__Assignment__.
Below are lines of records; copy exactly those from the one containing "Spain porcelain figure of a girl with a dove" through the one containing "Portrait of smiling", leaving the pictures behind.

__Provided data__.

■ ■ ■

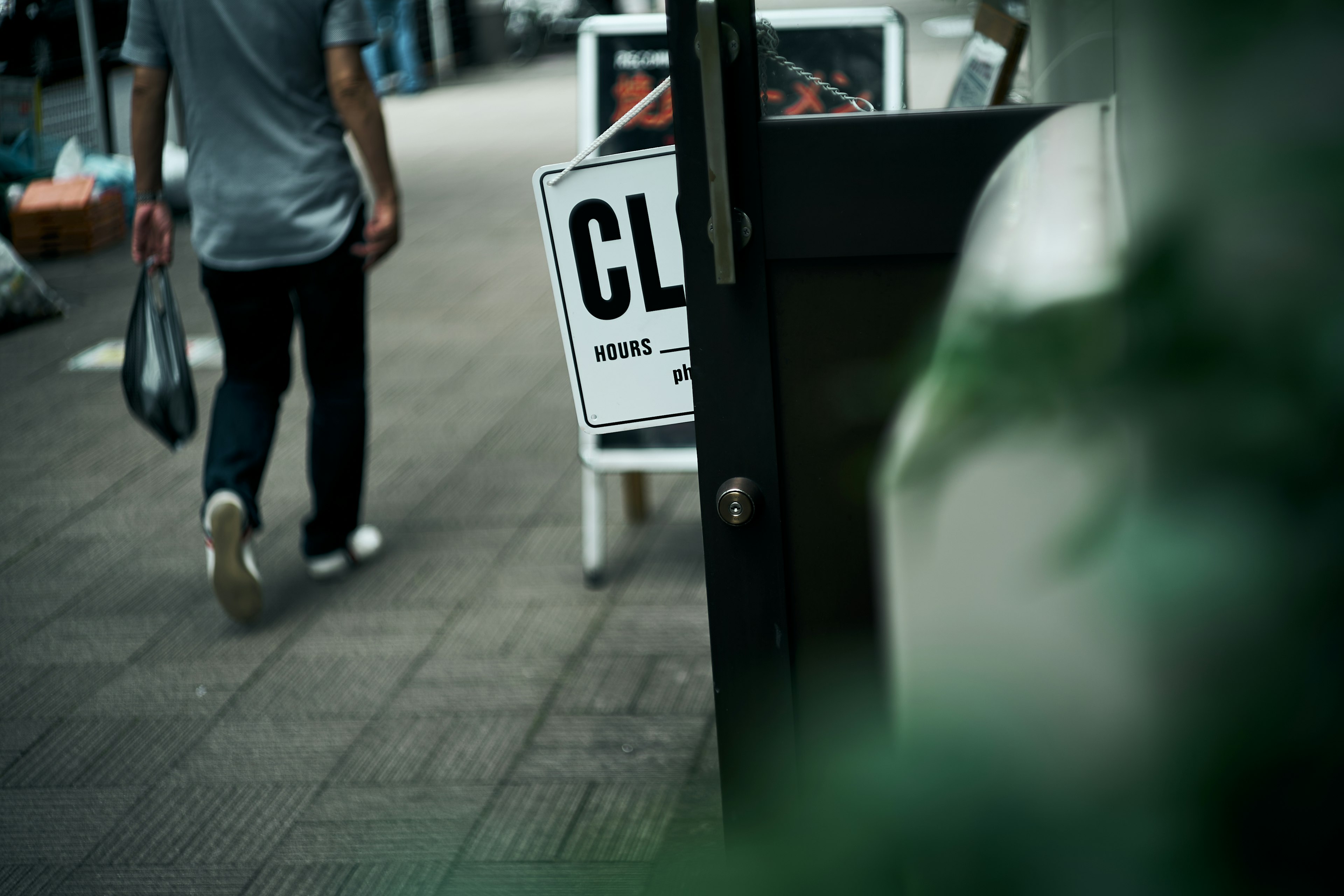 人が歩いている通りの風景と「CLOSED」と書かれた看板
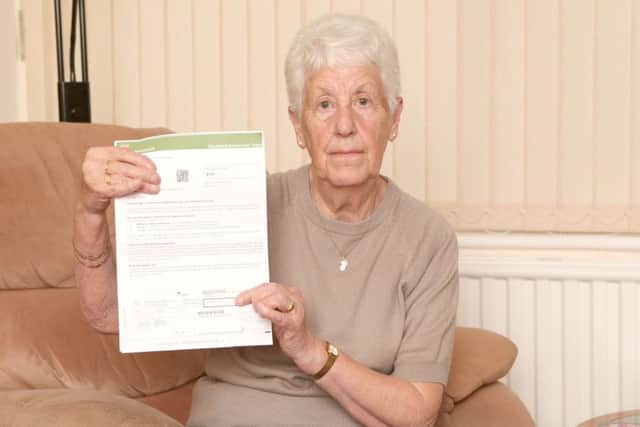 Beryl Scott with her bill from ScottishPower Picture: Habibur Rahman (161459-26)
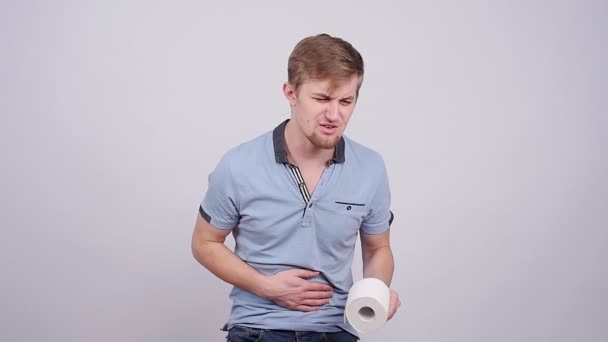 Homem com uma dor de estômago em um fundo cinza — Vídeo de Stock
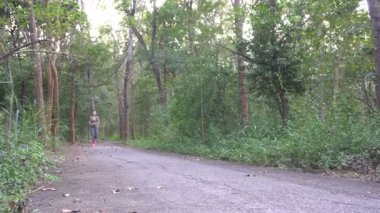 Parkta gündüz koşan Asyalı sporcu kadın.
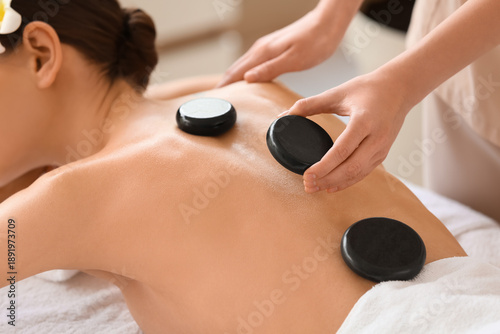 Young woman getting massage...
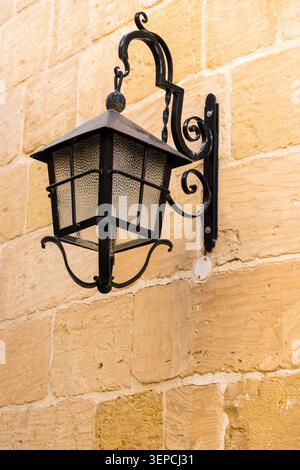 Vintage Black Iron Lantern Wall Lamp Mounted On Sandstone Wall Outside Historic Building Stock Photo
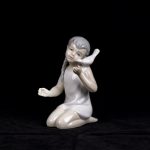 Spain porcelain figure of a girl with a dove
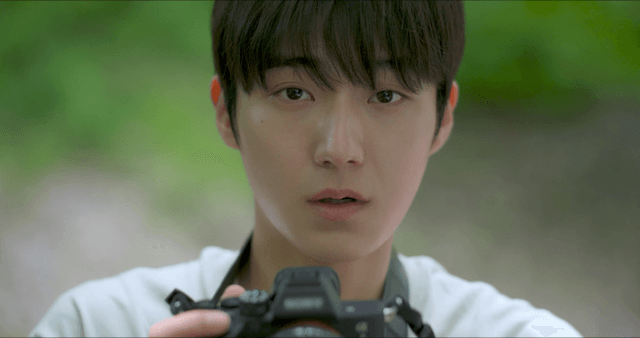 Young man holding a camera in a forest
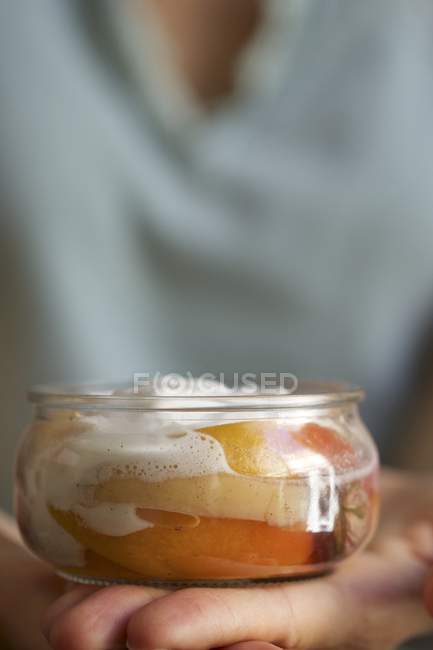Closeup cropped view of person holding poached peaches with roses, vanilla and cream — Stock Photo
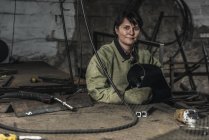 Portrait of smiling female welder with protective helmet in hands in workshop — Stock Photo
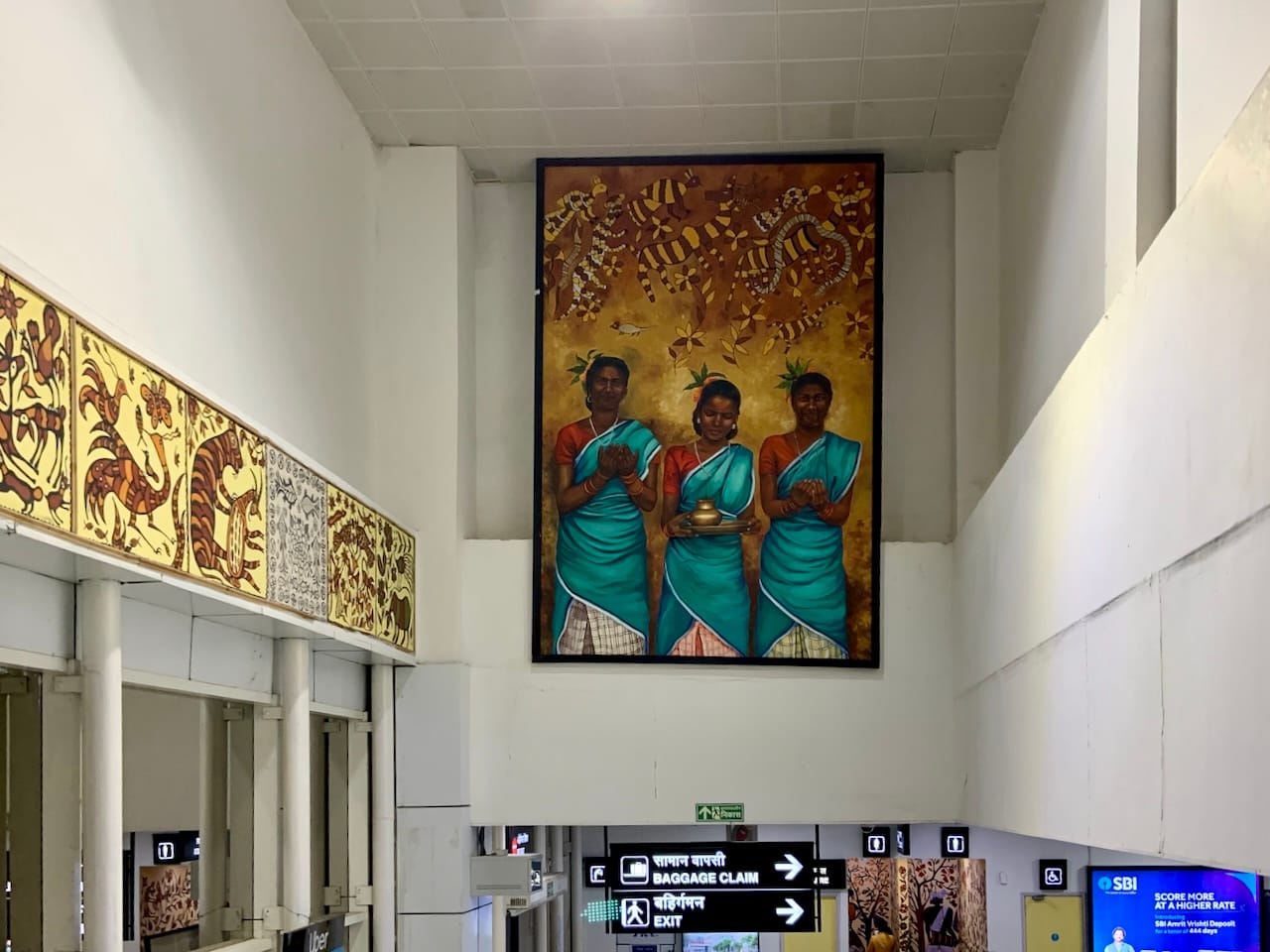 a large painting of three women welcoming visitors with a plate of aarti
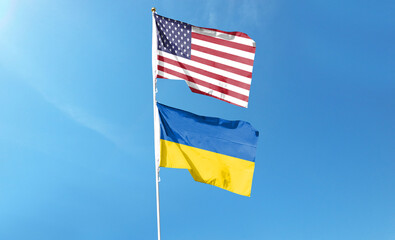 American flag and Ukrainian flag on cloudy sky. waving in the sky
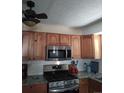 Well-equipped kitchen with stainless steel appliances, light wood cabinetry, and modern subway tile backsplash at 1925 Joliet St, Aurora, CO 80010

■ ■ ■

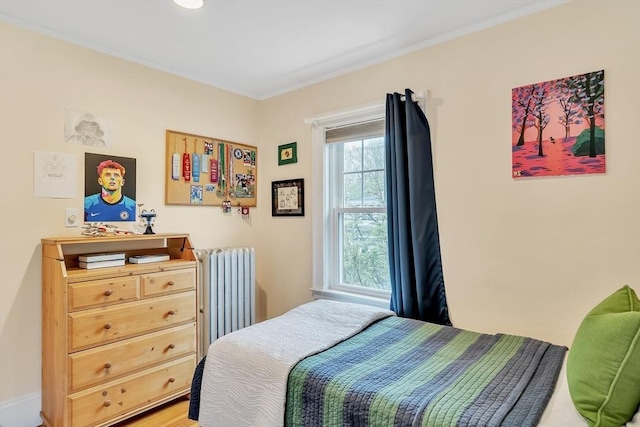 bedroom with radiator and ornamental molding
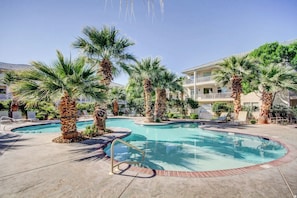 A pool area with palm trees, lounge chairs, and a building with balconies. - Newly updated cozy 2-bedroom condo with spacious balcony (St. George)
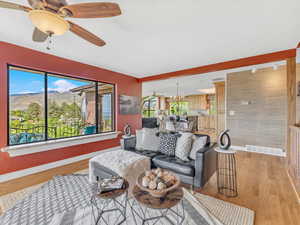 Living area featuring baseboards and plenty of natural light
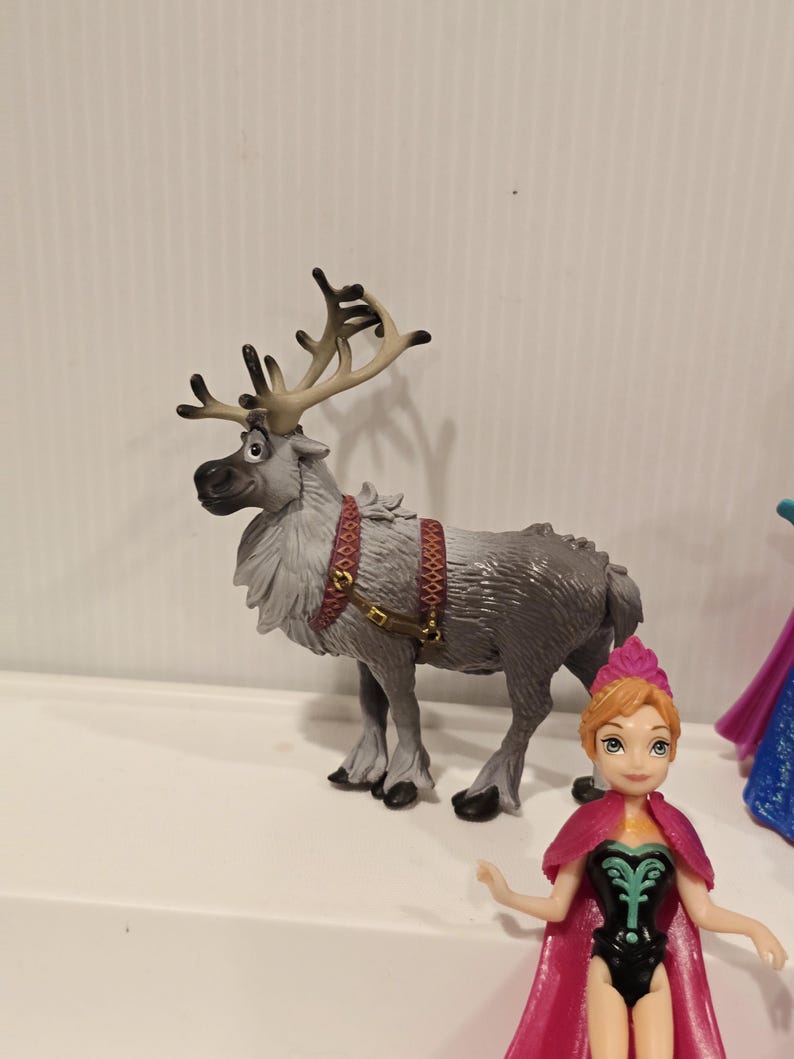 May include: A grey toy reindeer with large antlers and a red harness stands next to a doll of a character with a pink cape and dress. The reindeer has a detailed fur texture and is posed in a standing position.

■ ■ ■

__Task output__.
 Spain porcelain figure of a girl with a dove
 Young man holding a camera in a forest
Closeup cropped view of person holding poached peaches with roses, vanilla and cream — Stock Photo
 Portrait of smiling female welder with protective helmet in hands in workshop — Stock Photo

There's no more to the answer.